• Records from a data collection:
■ ■ ■ ■

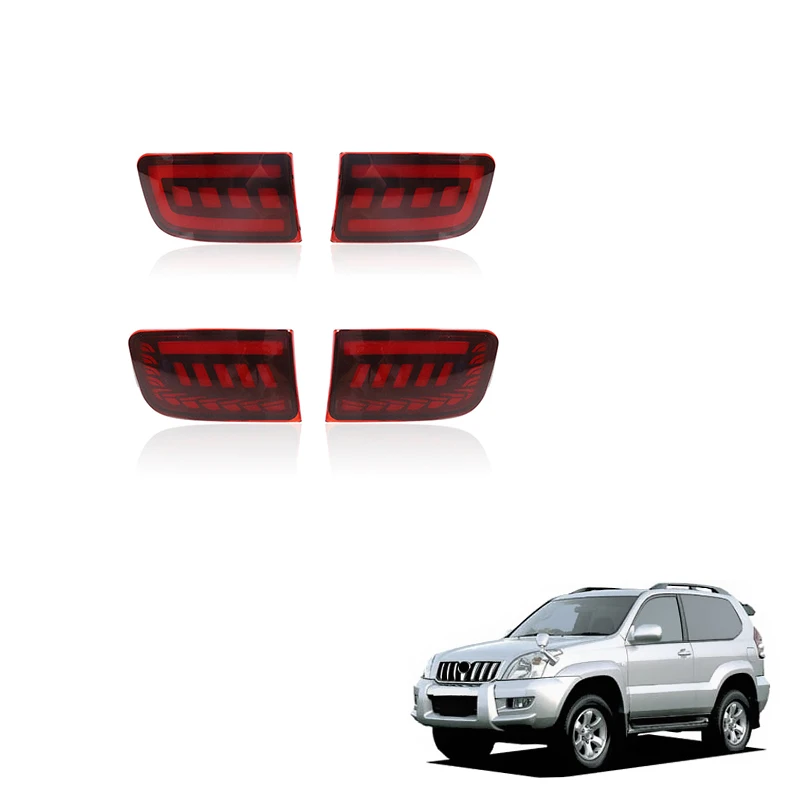 Spedking LED Rear Tail Light Bumper Brake Fog Lamp Reflector Kit For  Land Cruiser Prado 2003-2009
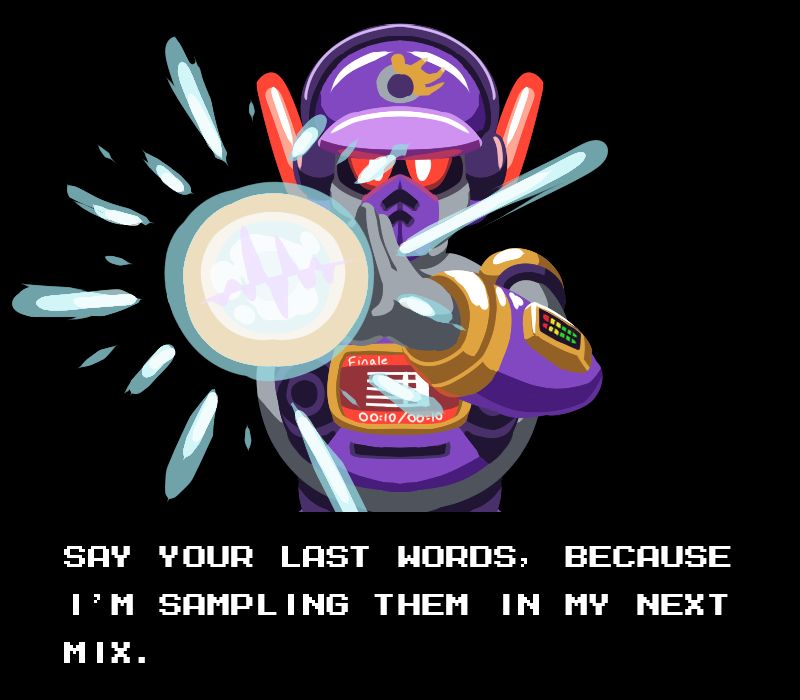 Cannonball, my robot character, readies his arm cannon towards the camera saying, "Say your last words, because I'm sampling them in my next mix."
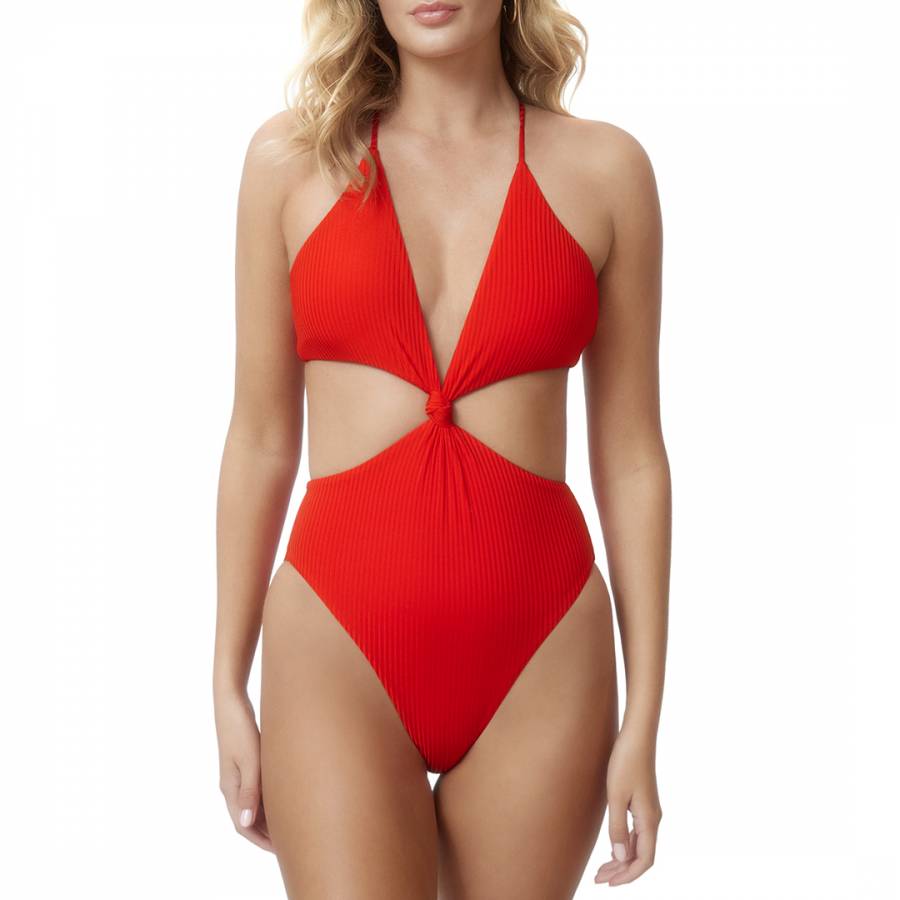 Red Knot Cutout Swimsuit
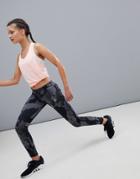 Adidas Running Climacool Response Leggings In Mono Print - Multi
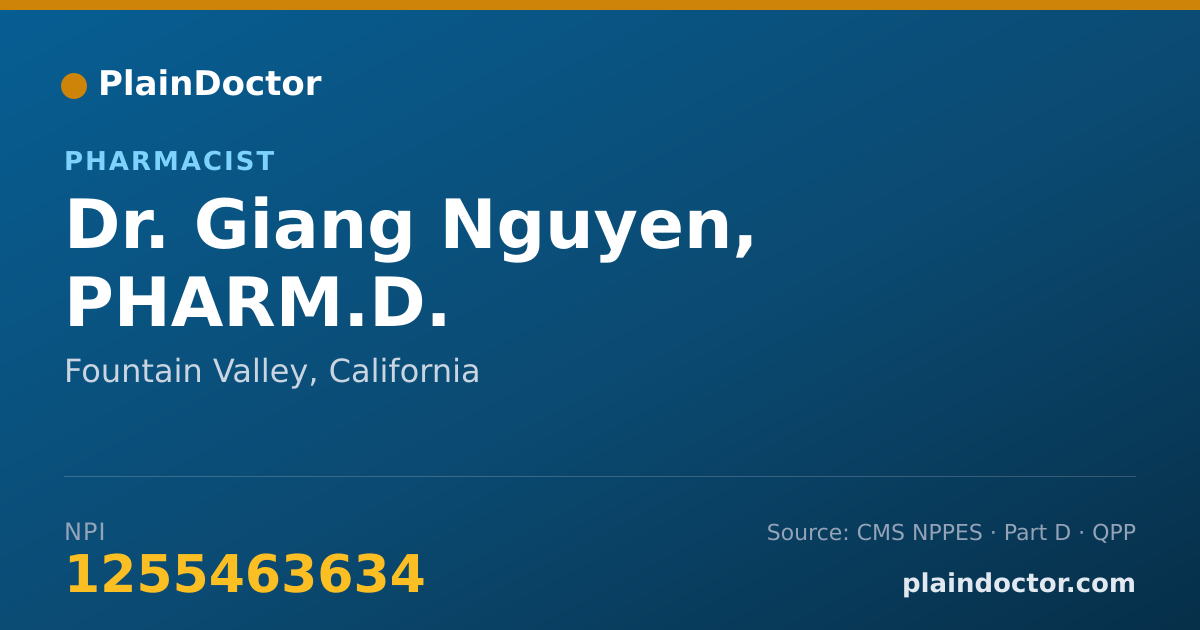 Shareable card for Giang Nguyen, PHARM.D. - Pharmacist, Fountain Valley, CA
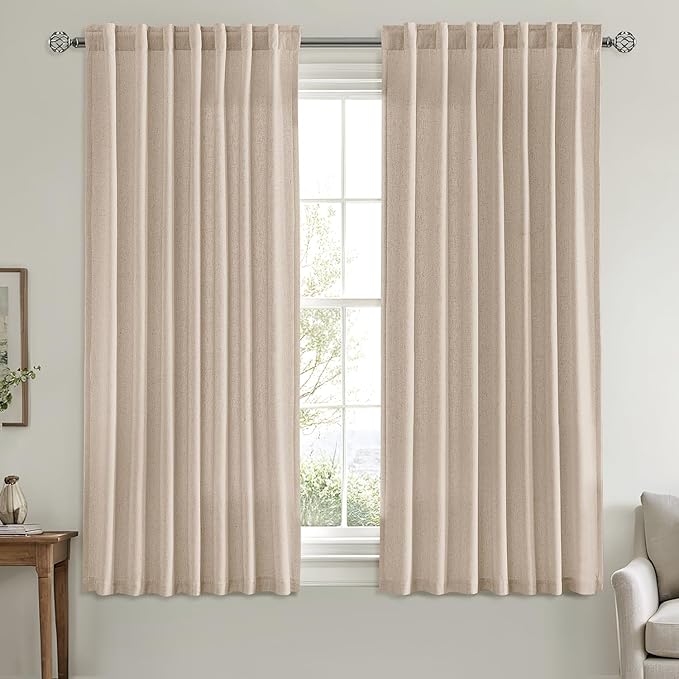 MIULEE Non-See-Through Privacy Linen Curtains 2 Panels, Light Filtering Window Curtains Farnhouse Textured Back Tab Semi Sheer Drapes for Bedroom Living Room, 52 x 63 Inches Long, Beige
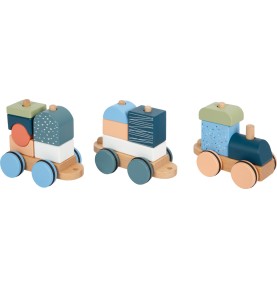 Polar Ice Floe Wooden Push-Along Train Toy - In-Use Lifestyle View 6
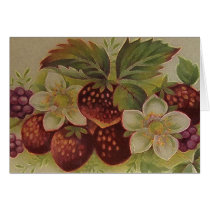 Vintage Strawberries Greeting Card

■ ■ ■ ■

• About this exercise:
In your copy, include no pictures, but set down every record exactly.

• Exercise output:
 Spedking LED Rear Tail Light Bumper Brake Fog Lamp Reflector Kit For  Land Cruiser Prado 2003-2009
 Cannonball, my robot character, readies his arm cannon towards the camera saying, "Say your last words, because I'm sampling them in my next mix."
 Red Knot Cutout Swimsuit
 Adidas Running Climacool Response Leggings In Mono Print - Multi
 Shareable card for Giang Nguyen, PHARM.D. - Pharmacist, Fountain Valley, CA
 MIULEE Non-See-Through Privacy Linen Curtains 2 Panels, Light Filtering Window Curtains Farnhouse Textured Back Tab Semi Sheer Drapes for Bedroom Living Room, 52 x 63 Inches Long, Beige
 Polar Ice Floe Wooden Push-Along Train Toy - In-Use Lifestyle View 6
 Vintage Strawberries Greeting Card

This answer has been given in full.